A new survey from Ernst & Young (EY), conducted by ORC International, polled more than 1,000 workers. It found that just one in four (25 percent) entry-level workers feel their organizations actually tolerate failure. Yet nearly half of senior executives (44 percent) say they do. That perception of intolerance might be the root cause of a massive innovation gap, since workers have to feel that flubs are welcome before they'll stick their necks out to promote out-of-the-box concepts. The survey also found, for example, that

  • While nearly all (96 percent) of senior executives think their companies offer ways to introduce new ideas, only 55 percent of entry-level workers agree.
  • 57 percent of senior executives think their businesses foster a culture of innovation, but only 26 percent of entry-level workers agree.
  • 91 percent of senior executives said they celebrate new ideas internally, compared with just 54 percent of entry-level workers.
  • 98 percent of senior executives think workers are adapting to the quick pace of business disruption, while just 73 percent of entry-level workers think this is true.

Two contributing problems

Michael Inserra, EY Americas senior vice chair and deputy managing partner, says that as businesses struggle to keep up with customer preferences and new technologies that shift at the drop of a hat, leaders might be playing catch-up regarding managing and inspiring their workforce. And let's just admit it. Money is tight. Fear of someone else stealing a job makes people even work through lunch. Nobody feels like it's OK to ignore after-hours work email anymore. If ever workers have needed inspiration from executives to escape the weight of it all, it's now.

But another part of the problem is the system of rewards and recognition that's engrained into our understanding of success. This starts early on, even in school, with getting A's meaning you have the "right" answers.

"Getting promoted at work generally means you have achieved success through accomplishments, not failure," says Inserra. "These indications often send the message across organizations that, according to those set standards, we are performing well."

Hurting stability and personal well-being in one blow

Inserra says that despite the fact there's not always a defined path forward in the new world as it presents all types of unique challenges, leaders continue to stick with status quo organizational effectiveness. That puts companies at significant risk of higher turnover--the survey found that 69 percent of workers would leave for a company better known in the market for innovation, all other elements such as pay being equal.

And while Inserra points out that failure doesn't necessarily mean poor performance, Marissa King, professor of organizational behavior at Yale School of Management, has concerns about how feeling that failure isn't an option could influence workers. A pressure toward perfection, she says, could lead to excessive stress, increased anxiety, depression, and isolation.

"Acceptance that we are all human and experience failure and setbacks is critical to preventing burnout, encouraging creativity, and promoting team performance," says King. "Studies in companies ranging from Google to health care teams have consistently found that psychological safety--a belief that team members won't be punished or shamed for making a mistake--is a key ingredient to high-performing teams.
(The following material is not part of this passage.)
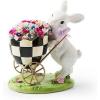 MACKENZIE-CHILDS Frolic Spring Bunny Egg Cart Figurine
Failure is critical for learning."

Creating the trust necessary to try

Inserra asserts that to really encourage creativity and discourage great talent from leaving, executives can't continue to let "fail forward, fail fast" be an empty sentiment. Instead, they need to let workers "educate up" through techniques like reverse mentoring.

It is not only an individual's right to share new ideas, but it is their responsibility to do so. With business competition greater than ever, the message from leadership needs to be: take calculated risks, work with great agility, and if you make mistakes--which will happen--learn from them. 
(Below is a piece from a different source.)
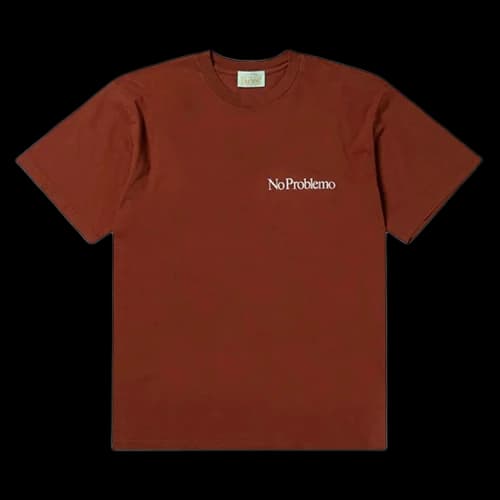 Aries Mini Problemo Tee 'Burgundy'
Leaders should help to ensure the professional growth and development of their people by providing the right coaching and upskilling opportunities. You want your team's skills to evolve with the changing business landscape.

While failure is an essential part of innovation, so is accountability. Organizations should be clear about the culture of innovation they want to create, including how they define it, what they want from their people, and how this will be factored into performance.
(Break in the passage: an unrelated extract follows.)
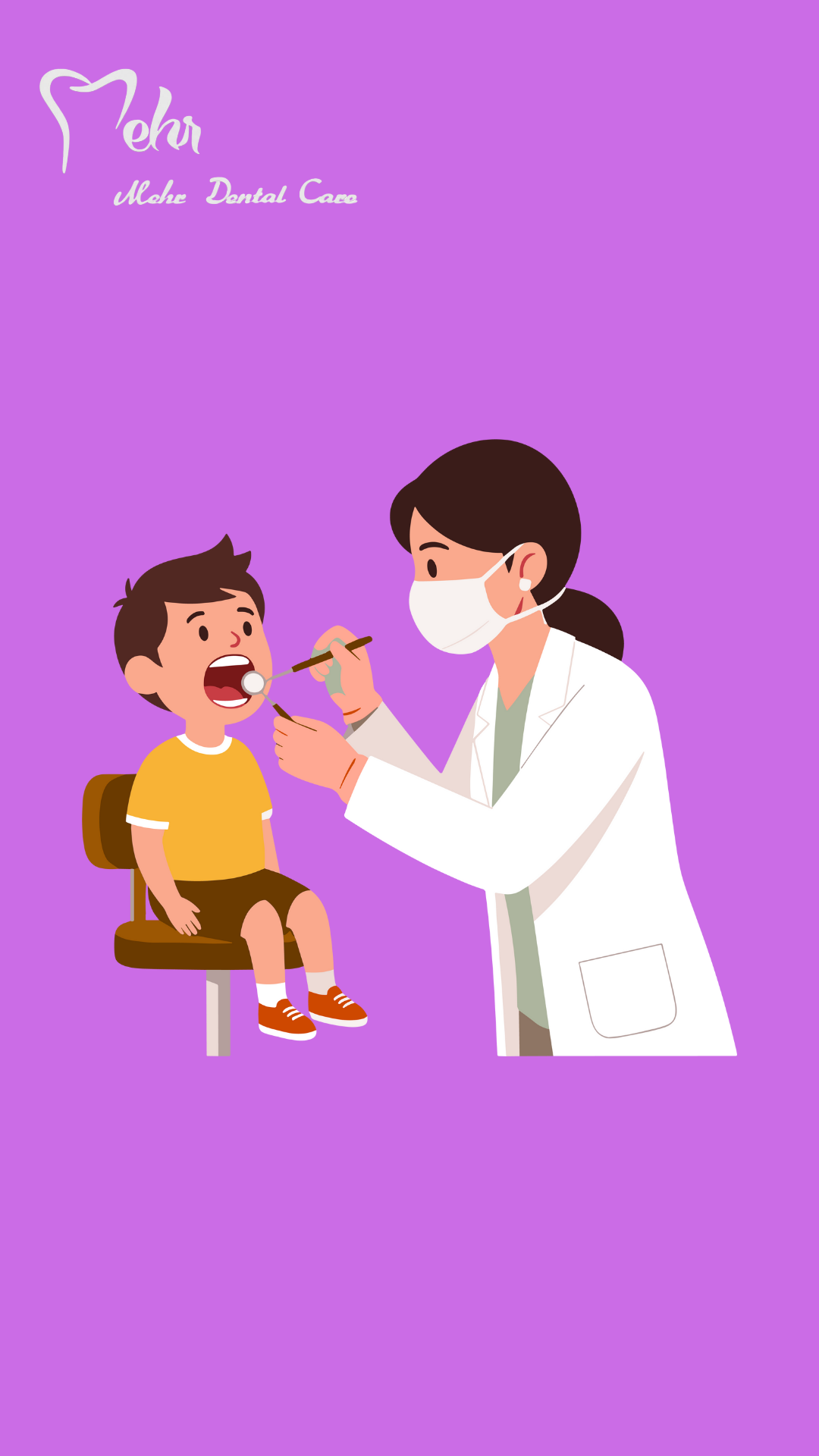 آرامش کودک در دندانپزشکی مهر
King agrees that the solution ultimately has to come from the top, rather than from the entry-level employees.

"The problem really lies with management," she says. "It is extremely difficult for employees to create an environment where learning from failure is encouraged and psychological safety exists. Cultural change has to come from management, and managers need to model behaviors that show vulnerability and a willingness to fail forward."

So in this context, let's be very clear. You might never get to the point where the perceptions of your C-suite and lower-tier workers line up 100 percent. But if you hope to at least decently close the gap, your pride and the urge to let competition trump connection have to hit the chopping block yesterday. Those two hindrances probably tear down trust more than any other difficulties that might exist in the business landscape. Once you've taken the blinders off and embraced a little more connection and humility, you'll likely get that innovation boost you're after.